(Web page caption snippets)
━━━━━━━━━━━━━━━━━━━━━━━━━━━━━━

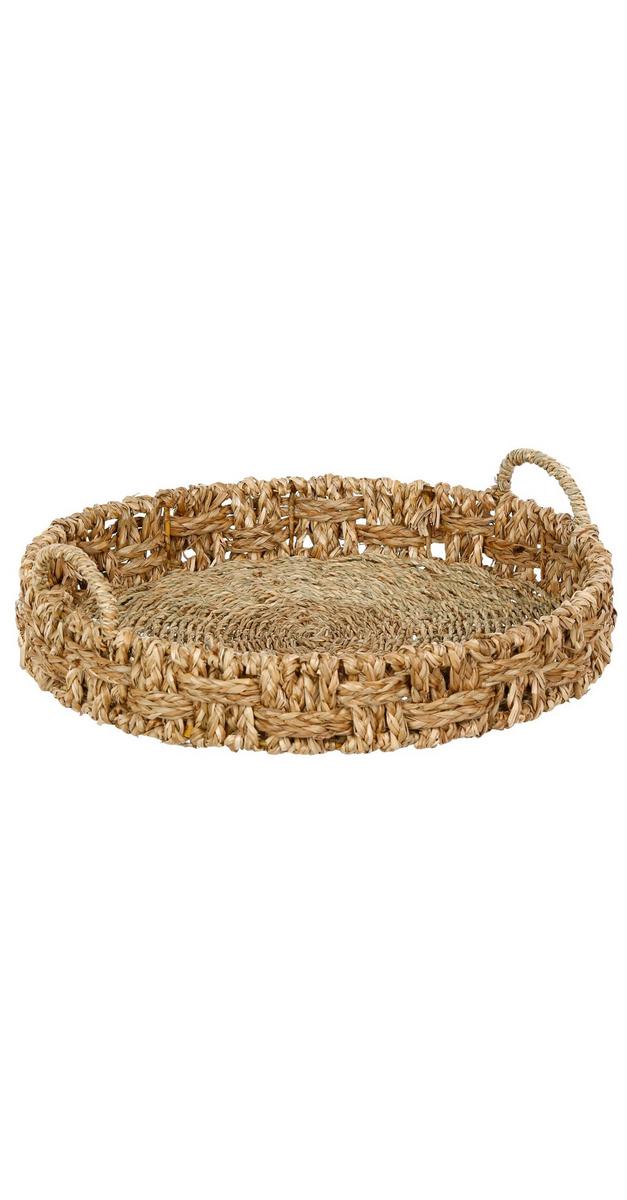 18" Round Woven Basket Tray Natural Burkes Outlet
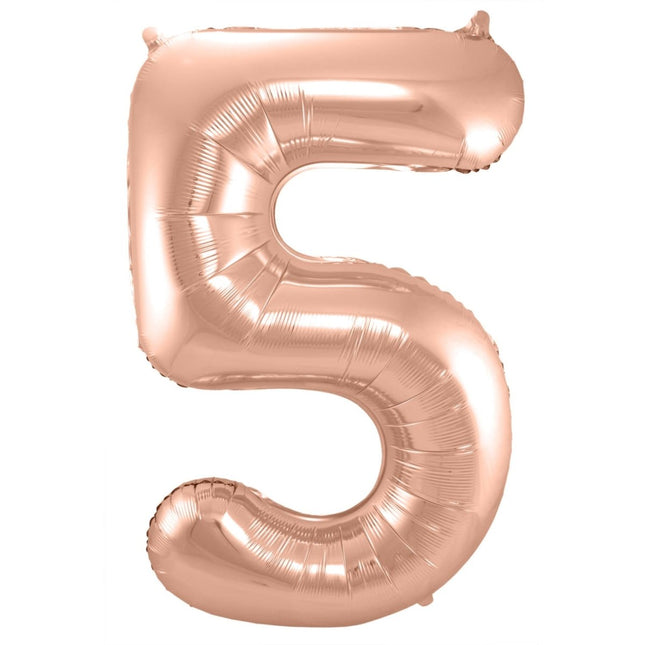 Folieballon Cijfer 5 - Rosé Goud - 86 cm van Folat koop je bij Partywinkel
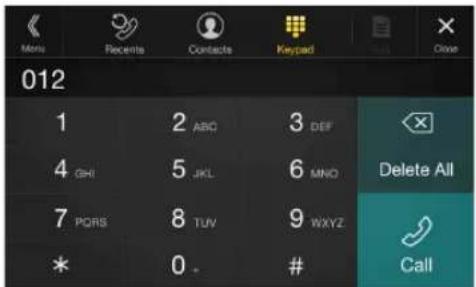 012 1 2 ABC 3 DEF 4 GHI 5 JKL 6 MNO Delete All 7 PQRS 8 TUV 9 WXYZ Call * 0 . #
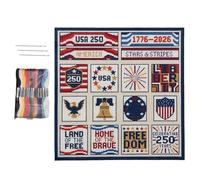 Kit Bordado Para Adultos Y Principiantes - Bandera Estadounidense 250 Aniversario Patriótico,Kit de Manualidades de Bordado para Principiantes 4 de Julio,para Mamá Novia Amante de la Historia Veterano
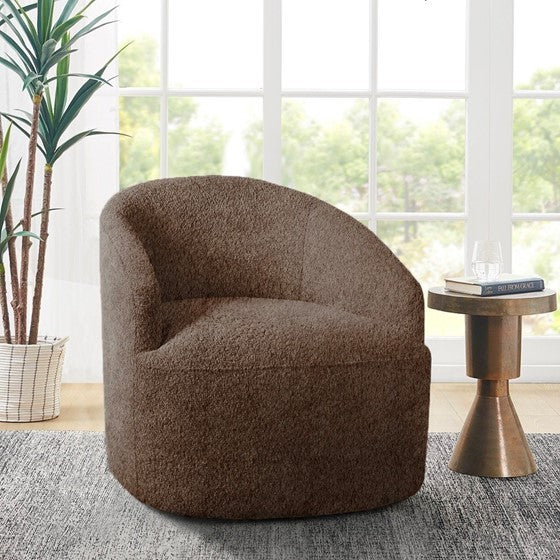 Upholstered 360 Degree Swivel Chair Chocolate Wood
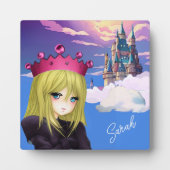 Anime Princess met Floating Castle Plaque Fotoplaat (Voorkant)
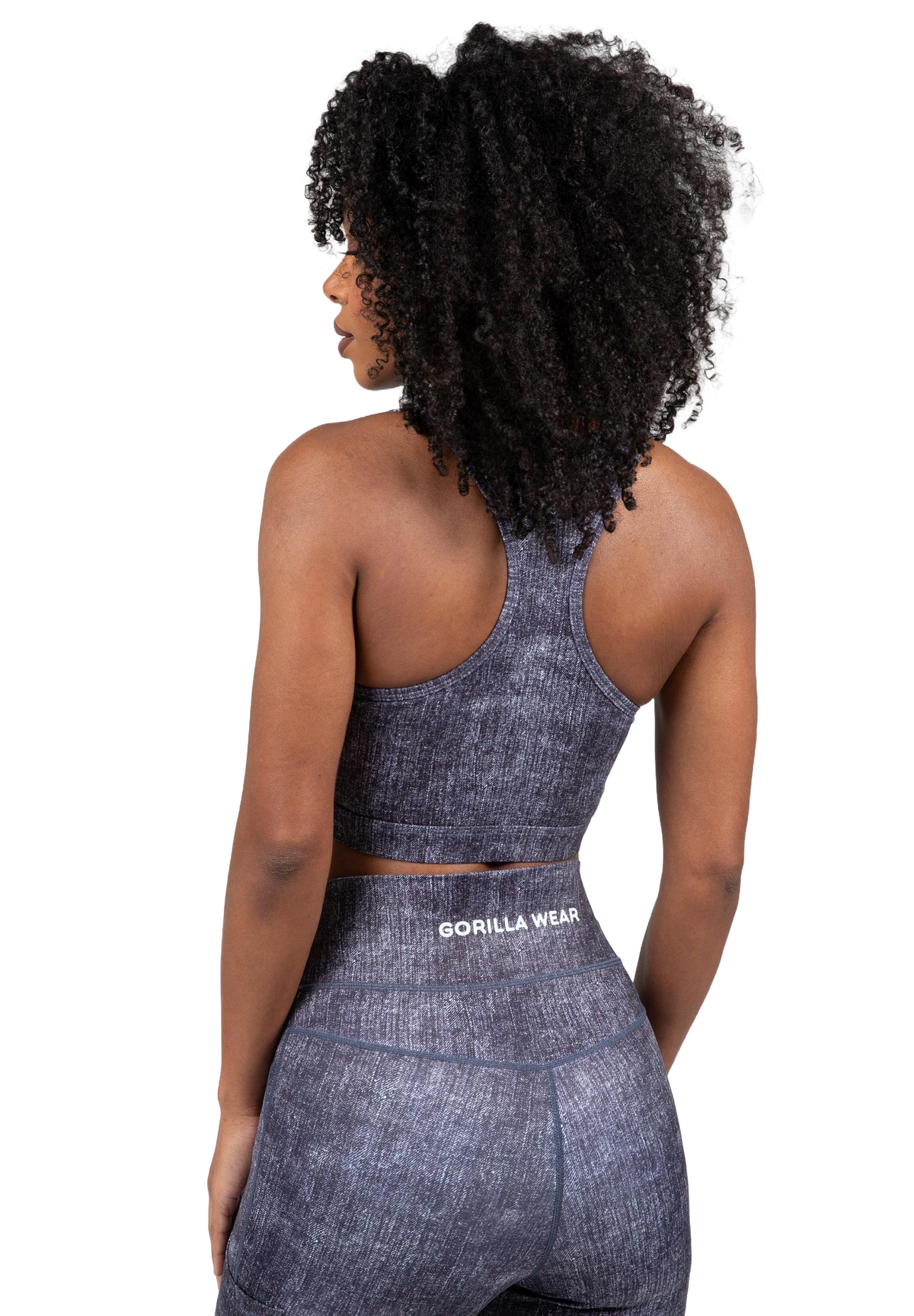 Gorilla Wear Camilla Zip-Front Sports Bra, blue denim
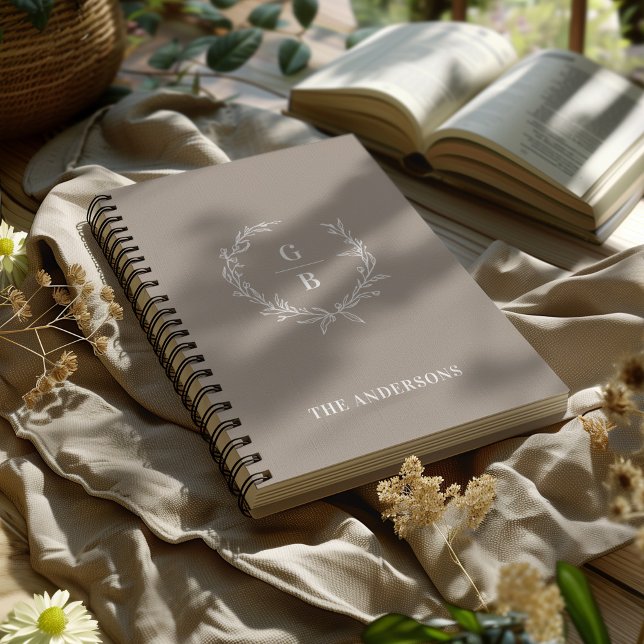 Custom Initials Elegant Monogram Family Notebook (Creator Uploaded)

━━━━━━━━━━━━━━━━━━━━━━━━━━━━━━

● Exercise: Beginning with the line that has "Gorilla Wear Camilla", repeat each remaining line of the data above word for word, keeping pictures out.

● Response to this exercise:
 Gorilla Wear Camilla Zip-Front Sports Bra, blue denim
 Custom Initials Elegant Monogram Family Notebook (Creator Uploaded)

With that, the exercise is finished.